### Data for review ###

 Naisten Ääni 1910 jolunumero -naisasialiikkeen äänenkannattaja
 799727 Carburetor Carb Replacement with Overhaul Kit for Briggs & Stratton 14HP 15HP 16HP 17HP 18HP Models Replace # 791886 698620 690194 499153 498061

###
### Data for review ###

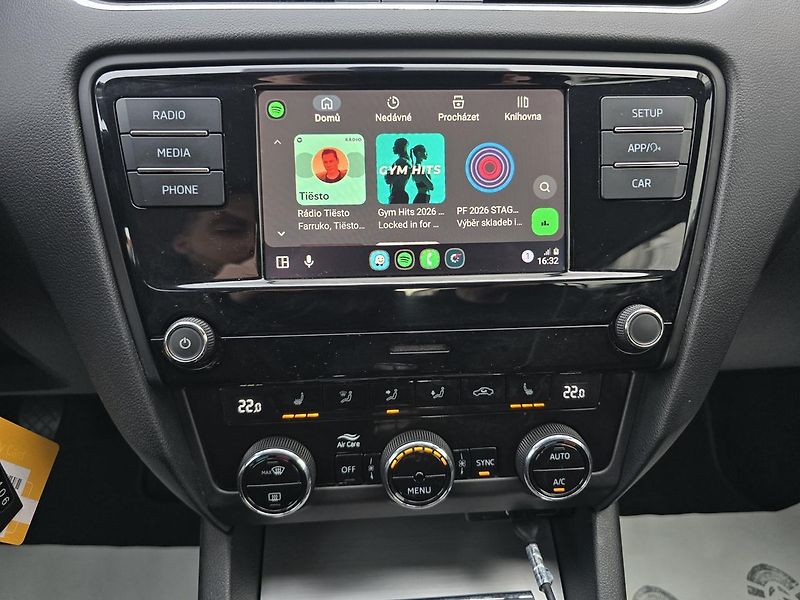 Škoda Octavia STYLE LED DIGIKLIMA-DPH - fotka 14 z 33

###

Work request: The reply should consist solely of the lines above from the one that has "Naisten Ääni 1910" through the one that has "799727 Carburetor Carb", reproduced exactly.

Expected output:
 Naisten Ääni 1910 jolunumero -naisasialiikkeen äänenkannattaja
 799727 Carburetor Carb Replacement with Overhaul Kit for Briggs & Stratton 14HP 15HP 16HP 17HP 18HP Models Replace # 791886 698620 690194 499153 498061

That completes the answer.